Aduh. Itu menyiratkan kita telah melihat gelembung finansial besar tumbuh di depan mata kita (catatan bahwa wawancara ini dilakukan sebelum gejolak pasar saham terbaru, yang mungkin atau mungkin tidak memiliki kaitan dengan ekspektasi tentang kecerdasan buatan).
Jadi mengapa kecerdasan buatan mungkin terlalu dibesar-besarkan? Untuk membuat argumen saya, saya akhirnya mengumpulkan daftar alasan yang cukup panjang. Kami tidak bisa menampung semuanya dalam episode singkat.
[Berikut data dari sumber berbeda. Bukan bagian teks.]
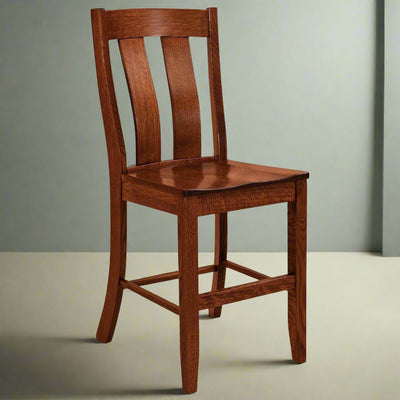 Quartersawn oak bar chair with two wide curved back slats, scooped seat and footrest stretchers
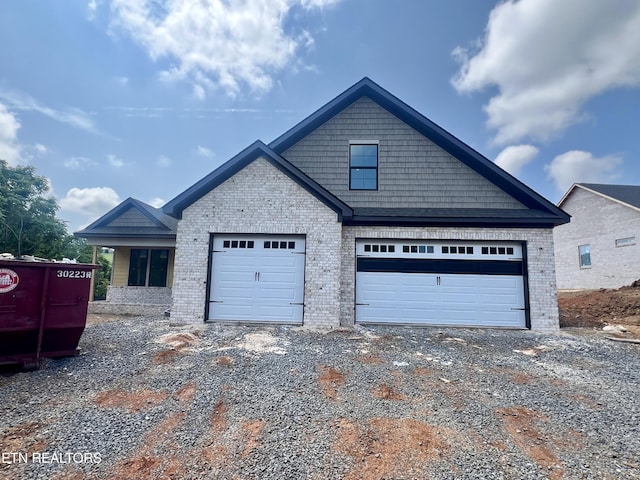 254 Walelu Trl, Vonore, TN 37885 - craftsman-style house with driveway, brick siding, and an attached garage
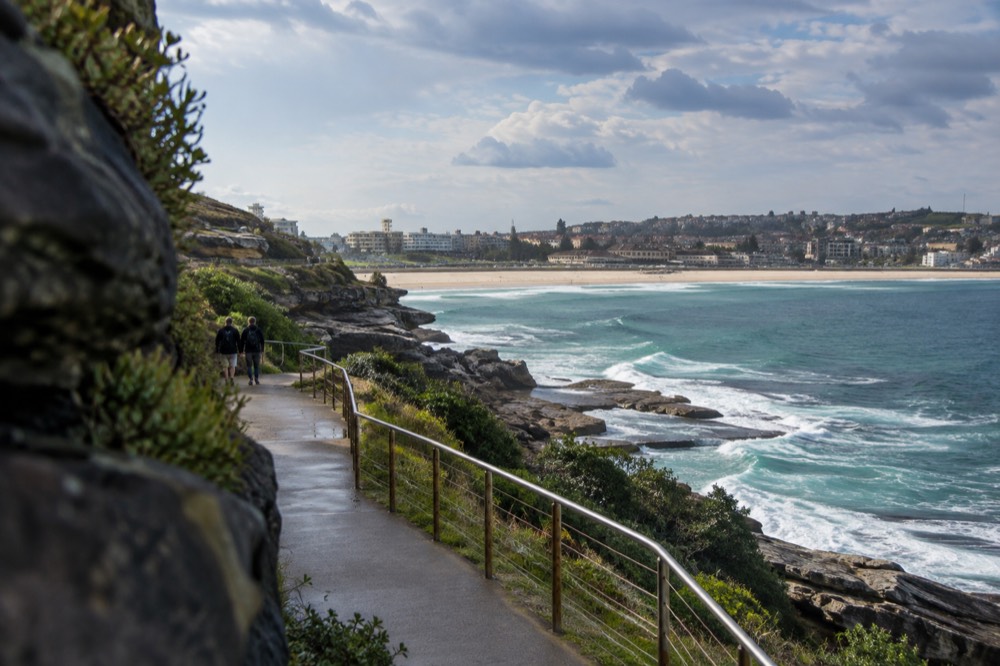 Waverley cliff tops above Bondi Beach with green ocean water and an empty coastal path
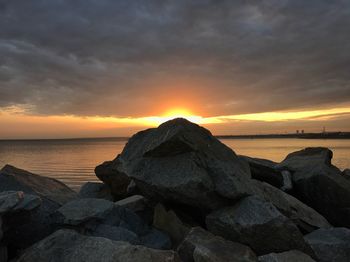 Scenic view of sea against sky at sunset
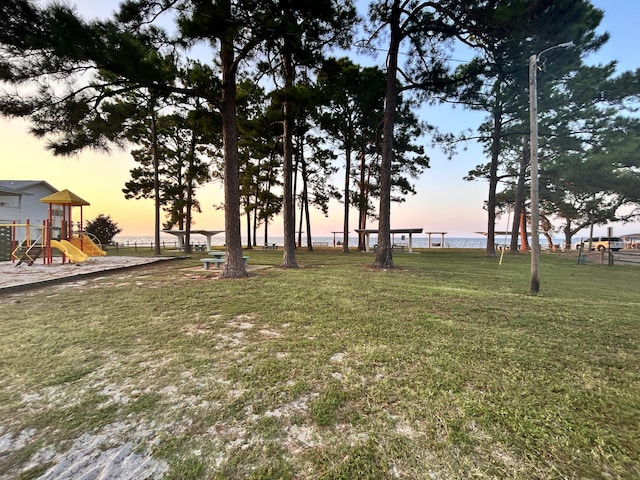 yard at dusk featuring a playground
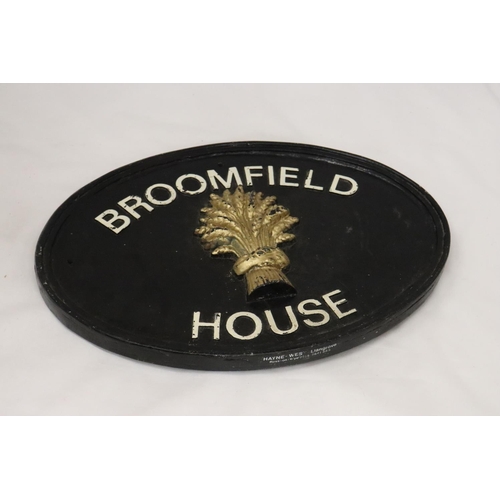 219 - A CAST IRON HOUSE SIGN, 39CM X 28CM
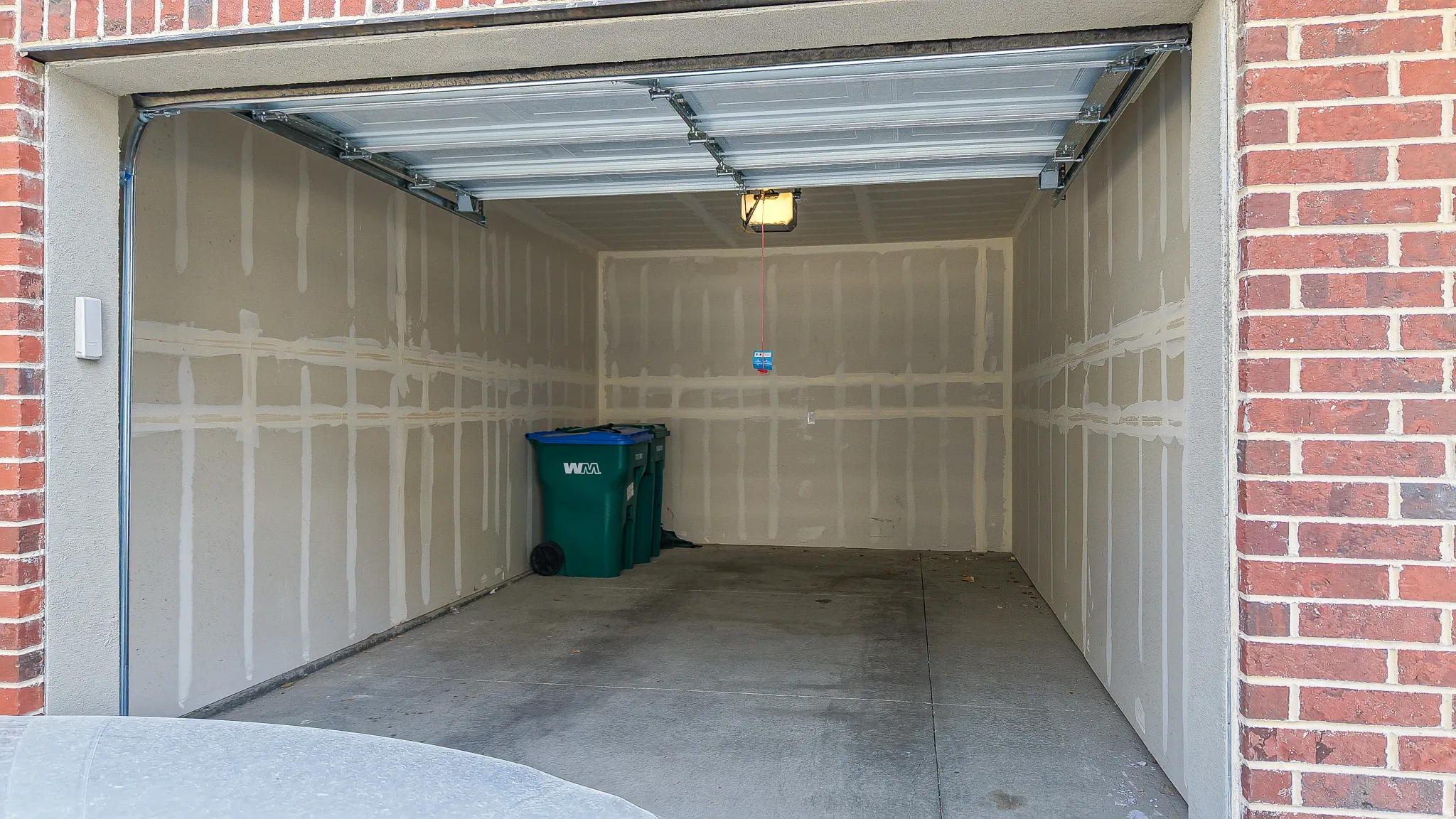 Attached garage featuring an automatic overhead door, concrete flooring, exposed drywall, and a ceiling-mounted light fixture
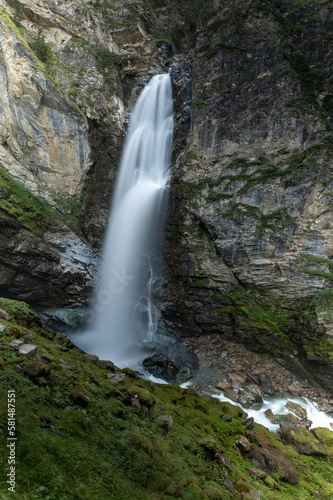 Fototapeta Naklejka Na Ścianę i Meble -  a large waterfall in a rock in the austrian alps in the hohe tauern mountains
Jadi kami memutuskan untuk menyediakan di sini daftar lengkap alasan mengapa kecerdasan buatan mungkin terlalu dibesar-besarkan (lengkap dengan argumen yang tegas). Ada:
Alasan 1: Kecerdaan buatan yang kita miliki sekarang sebenarnya tidak terlalu cerdas.
Saat pertama kali menggunakan sesuatu seperti ChatGPT, mungkin terlihat seperti sihir. Seperti, “Wow, mesin berpikir nyata yang mampu menjawab pertanyaan tentang apa pun.”
Tapi ketika Anda melihat di balik tirai, itu lebih seperti trik sulap. Chatbot ini adalah cara yang bagus untuk menggabungkan internet dan kemudian memuntahkan campuran dari apa yang mereka temukan. Singkatnya, mereka adalah peniru atau, setidaknya, secara mendasar bergantung pada meniru pekerjaan manusia terdahulu dan tidak mampu menghasilkan ide baru yang hebat.
Dan mungkin bagian terburuknya adalah bahwa sebagian besar hal yang disalin kecerdasan buatan dilindungi hak ciptanya. Perusahaan kecerdasan buatan mengambil karya orang dan memasukkannya ke dalam mesin mereka, seringkali tanpa izin. Anda bisa berargumen bahwa seperti plagiarisme sistematis.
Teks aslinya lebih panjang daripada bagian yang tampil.